The works themselves are built on a woolen warp with wefts running between thirty and fifty yarns per inch. Many of the pieces reflect the classic Rio Grande five banded type of blanket, while others contain more Navajo-looking motifs. The blacks, grays, browns, and tans in these pieces are colors that occur naturally in Mr. Davis’ flock of Navajo-Churros, while the reds, blues, greens etc. are hand dyed using commercial dyestuff. Because of the use of natural wool colors, and the fact that a colored sheep changes color gradually over time, these blankets cannot be exactly reproduced and are therefore absolutely unique.
Navajo-Churro wool is unusual
Navajo-Churro sheep grow a double-coated fleece: a long, straight outer coat that looks like hair, and a fine, downy undercoat. Unlike fleece of more modern breeds, the wool fibers are straight, long, and found in a variety of diameters from the most coarse to the most fine.
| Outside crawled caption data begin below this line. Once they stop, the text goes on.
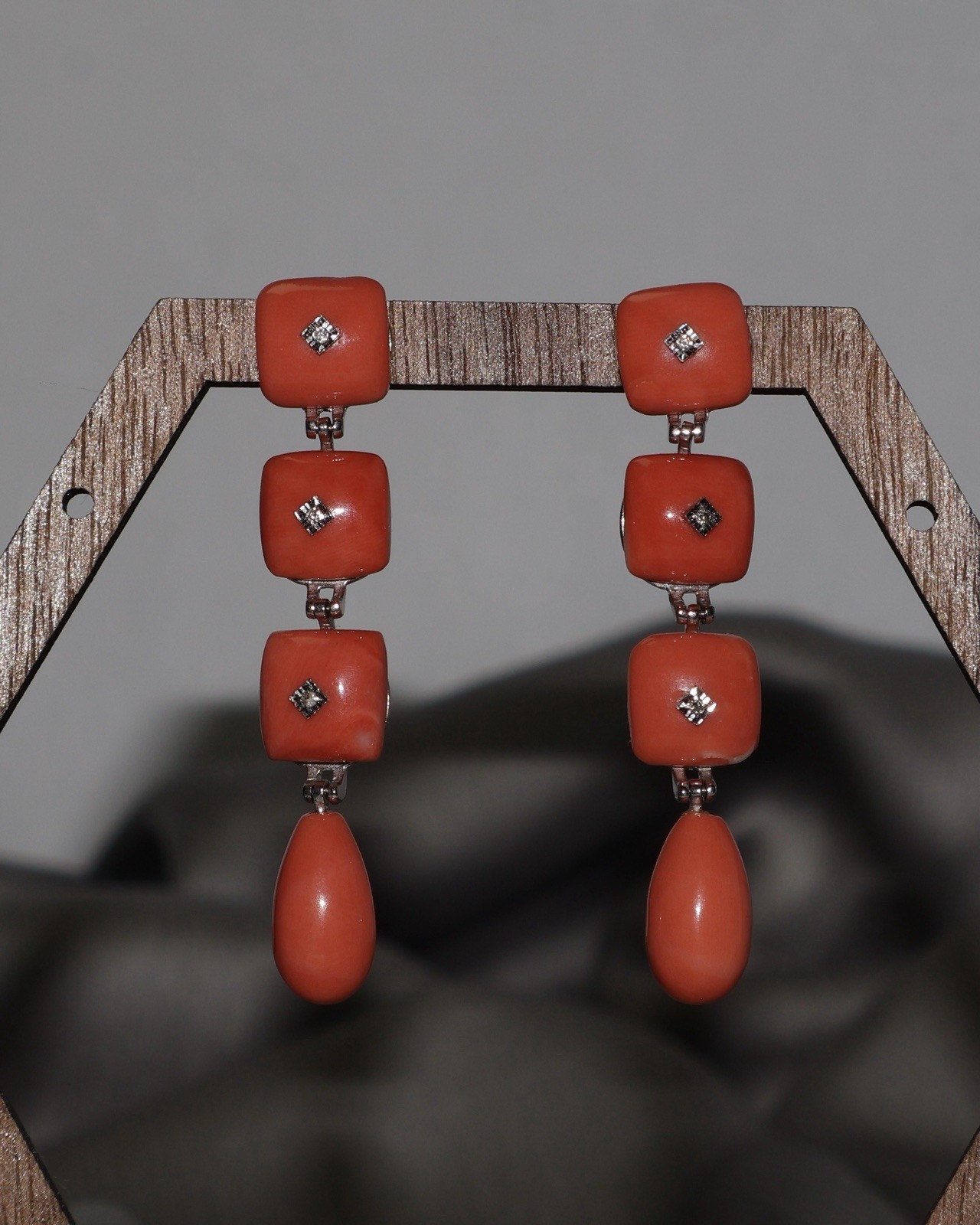 18k White Gold Coral & Diamond Drop Earrings 9.47G / 1.9in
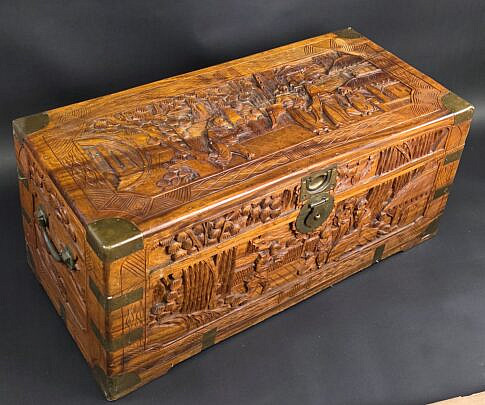 4876-955 Camphorwood Trunk A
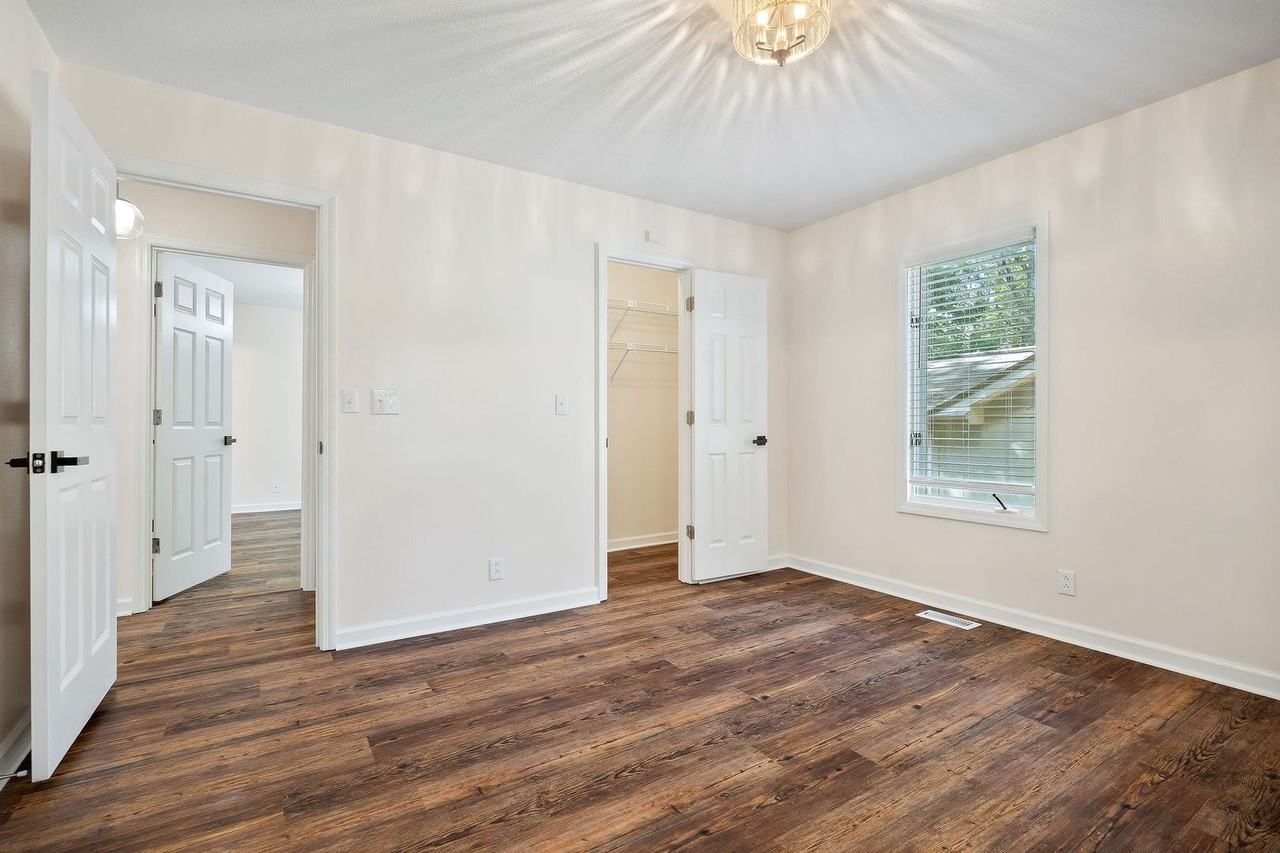 334 Lakeview Dr - Photo 7 of 13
This results in a yarn that is dense, strong and not very stretchy—perfect for textiles that will be used as outer garments and carpets in a rough-hewn environment. There are a great many natural colors in the Navajo-Churro. Also, the two coats may be different colors within a fleece and will produce heathered yarns that would be impossible to reproduce using white wool and dye.